[[ Data open ]]

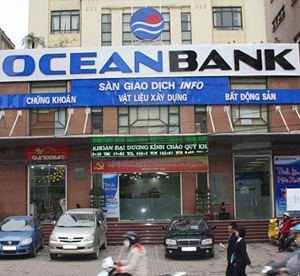 OceanBank: Tín dụng âm 5,2% trong 9 tháng qua, tỷ lệ nợ xấu hơn 5%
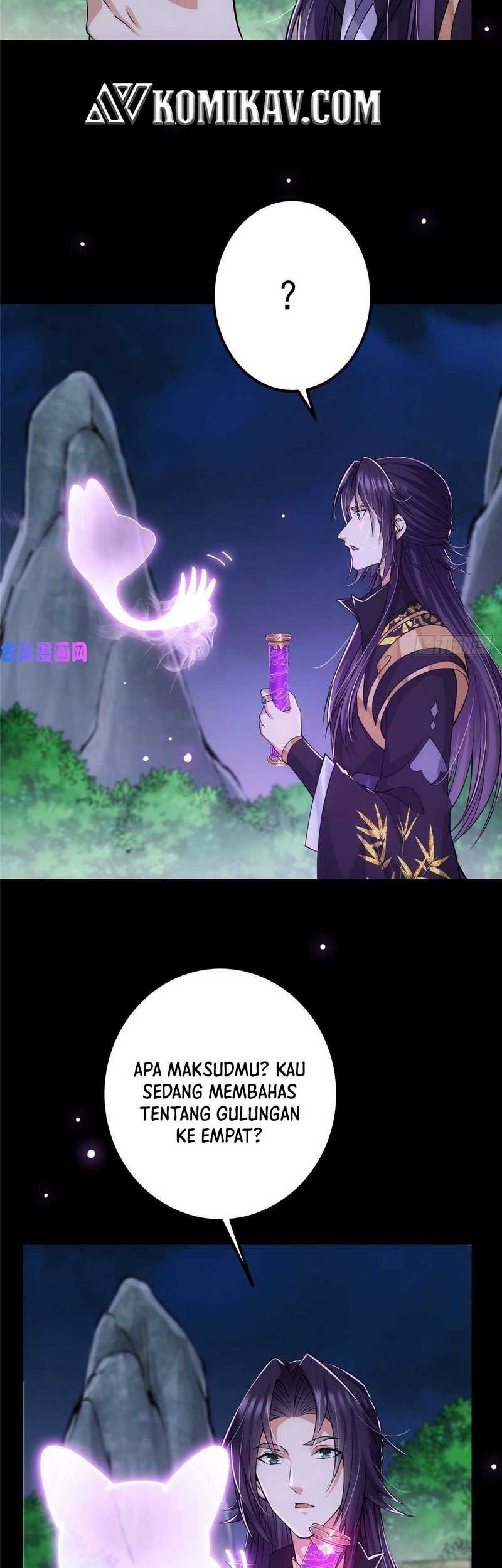 Keep A Low Profile, Sect Leader Chapter 74 Gambar 14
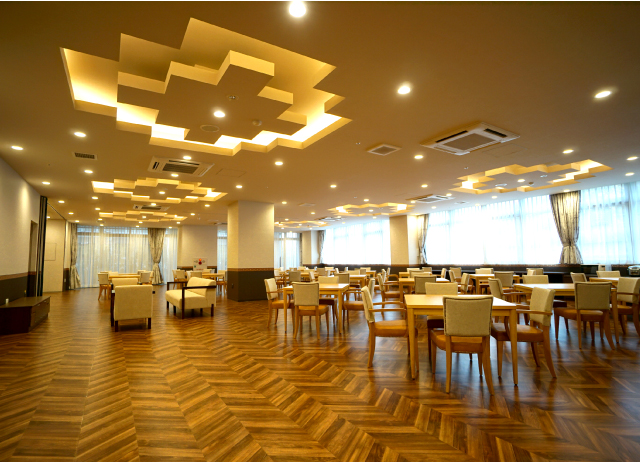 グランドマスト西ヶ原 食堂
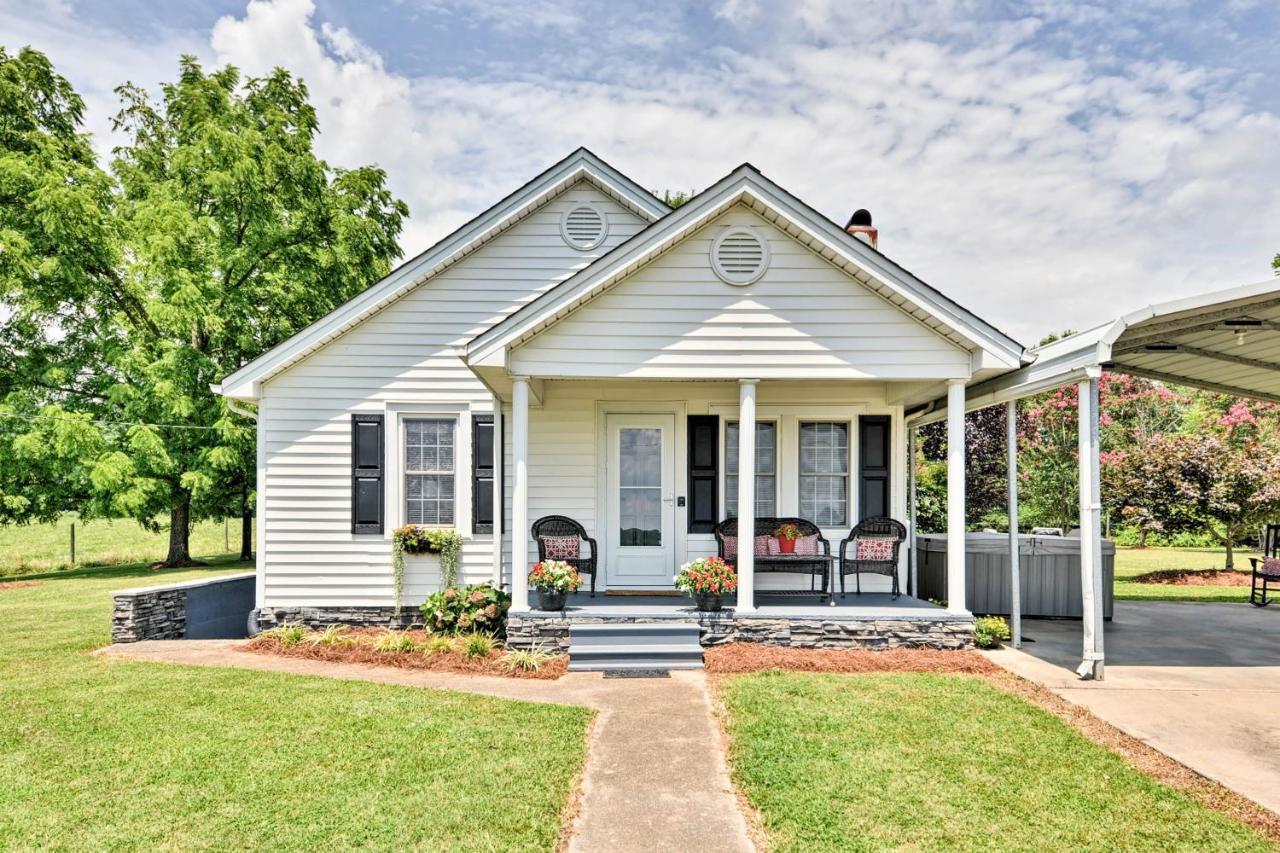 Peaceful Elkin Vacation Rental About 17 Mi To Mt Airy! Dobson Eksteriør billede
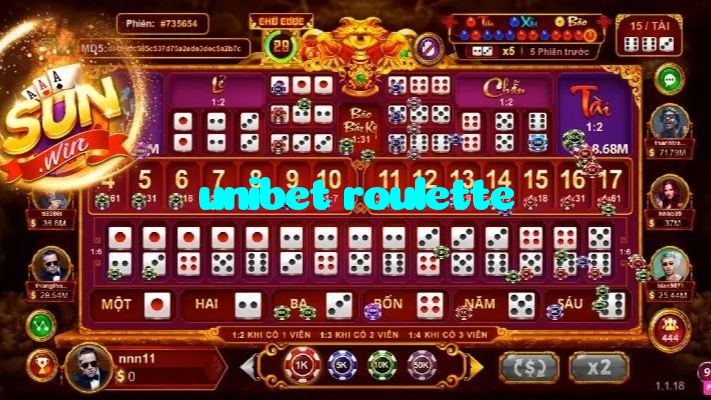 unibet roulette casino presented on mobile device in Pakistan with slots and live games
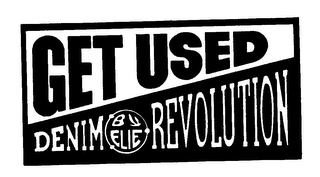 GET USED DENIM B ELIE REVOLUTION logo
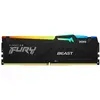 Image de FURY Beast RGB - DDR5 - module - 32 Go - DIMM 288 broches - 6000 MT/s / PC5-48000 - CL36 - 1.35 V - mémoire sans tampon - on-die ECC - noir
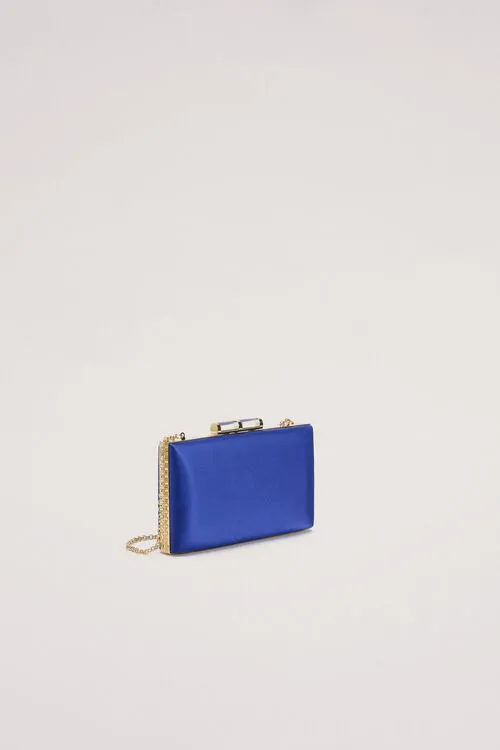 Women Luisa Spagnoli Ivy Ivy PeriwinkleLight Gold Clutch and Pochette Women Luisa Spagnoli Ivy Ivy PeriwinkleLight Gold Clutch and Pochette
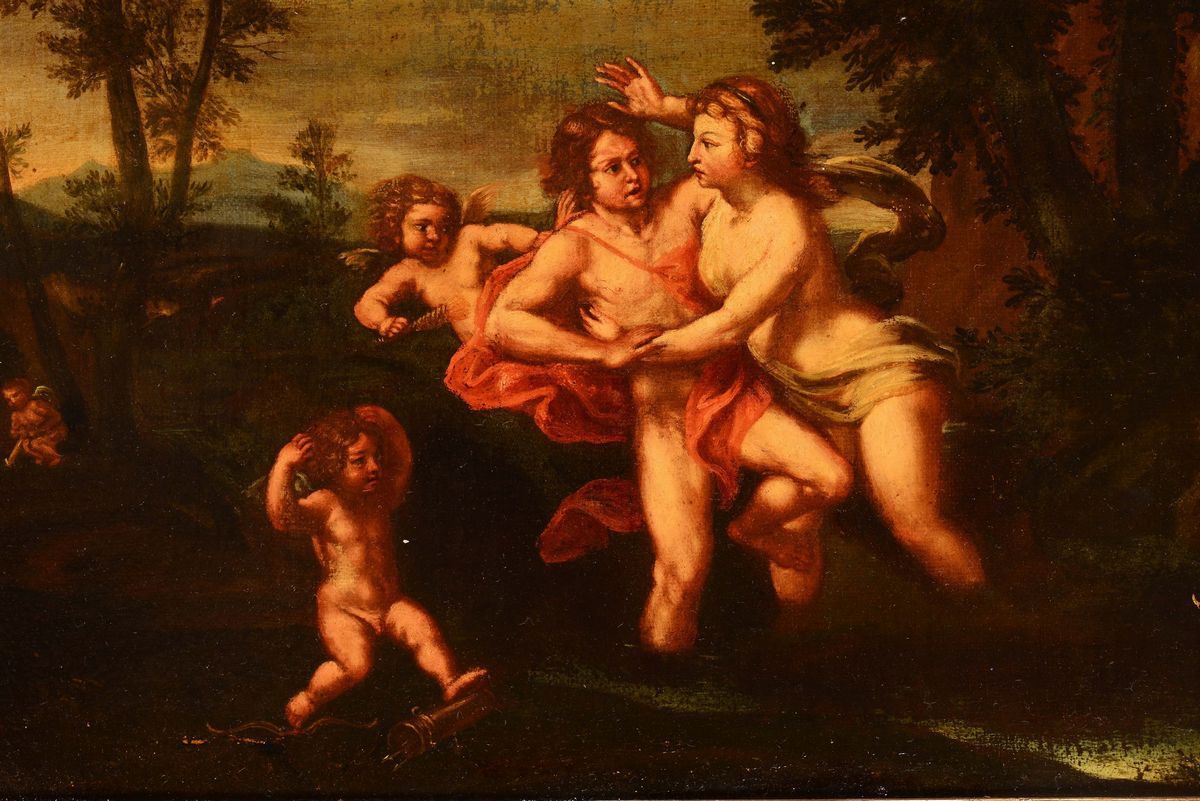 Scuola del XVIII Secoloapollo e Dafne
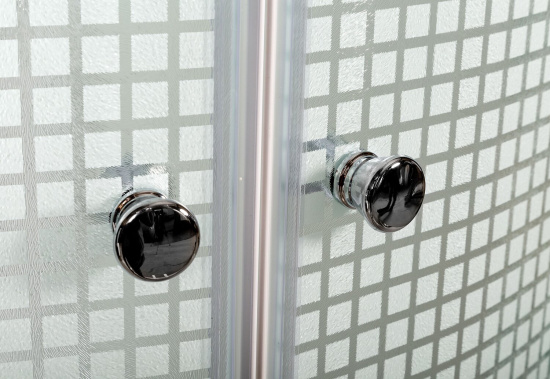 Душевая кабина DTO L902 L с гидромассажем и электрикой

[[ Data closed ]]

* [Task objective]: Output the entries above verbatim, leaving out images.

* [Result]:
 OceanBank: Tín dụng âm 5,2% trong 9 tháng qua, tỷ lệ nợ xấu hơn 5%
 Keep A Low Profile, Sect Leader Chapter 74 Gambar 14
 グランドマスト西ヶ原 食堂
 Peaceful Elkin Vacation Rental About 17 Mi To Mt Airy! Dobson Eksteriør billede
 unibet roulette casino presented on mobile device in Pakistan with slots and live games
 GET USED DENIM B ELIE REVOLUTION logo
 Image de FURY Beast RGB - DDR5 - module - 32 Go - DIMM 288 broches - 6000 MT/s / PC5-48000 - CL36 - 1.35 V - mémoire sans tampon - on-die ECC - noir
 Women Luisa Spagnoli Ivy Ivy PeriwinkleLight Gold Clutch and Pochette Women Luisa Spagnoli Ivy Ivy PeriwinkleLight Gold Clutch and Pochette
 Scuola del XVIII Secoloapollo e Dafne
 Душевая кабина DTO L902 L с гидромассажем и электрикой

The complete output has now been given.